MATERIAL SHOWN Block Start

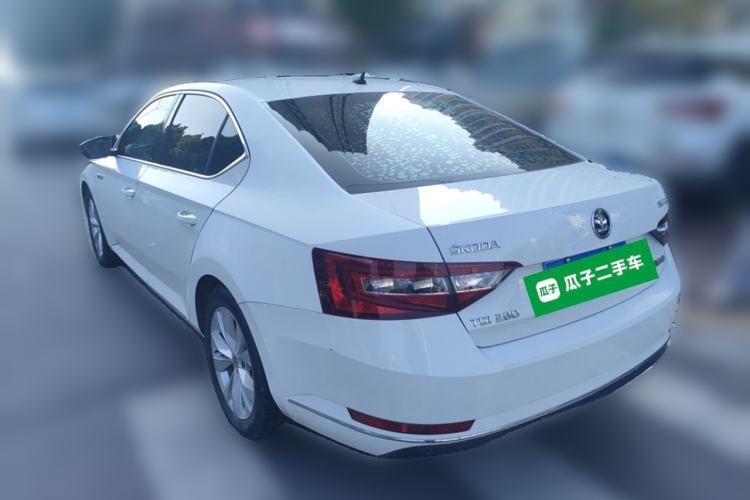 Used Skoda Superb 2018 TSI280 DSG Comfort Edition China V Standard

MATERIAL SHOWN Block End
MATERIAL SHOWN Block Start

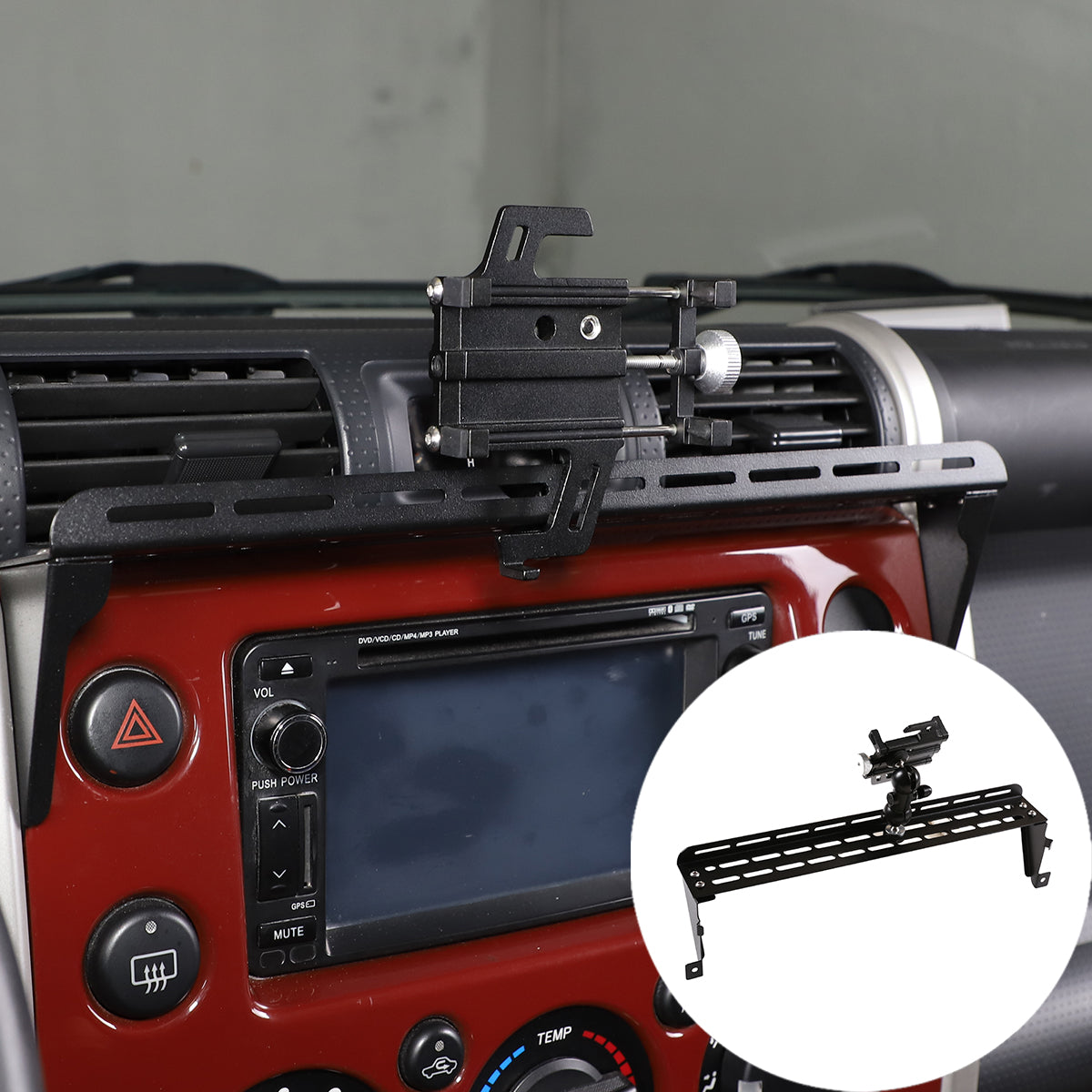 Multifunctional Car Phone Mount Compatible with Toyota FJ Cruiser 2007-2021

MATERIAL SHOWN Block End
MATERIAL SHOWN Block Start

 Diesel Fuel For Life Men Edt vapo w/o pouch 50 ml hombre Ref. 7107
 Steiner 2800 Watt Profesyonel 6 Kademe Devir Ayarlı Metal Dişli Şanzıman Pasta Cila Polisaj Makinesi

MATERIAL SHOWN Block End

#### TASK DIRECTIONS
Would you copy, unchanged, the stretch of the records above that begins at the line containing "Diesel Fuel For" and ends at the line containing "Steiner 2800 Watt", and only that?

#### RESPONSE AREA
 Diesel Fuel For Life Men Edt vapo w/o pouch 50 ml hombre Ref. 7107
 Steiner 2800 Watt Profesyonel 6 Kademe Devir Ayarlı Metal Dişli Şanzıman Pasta Cila Polisaj Makinesi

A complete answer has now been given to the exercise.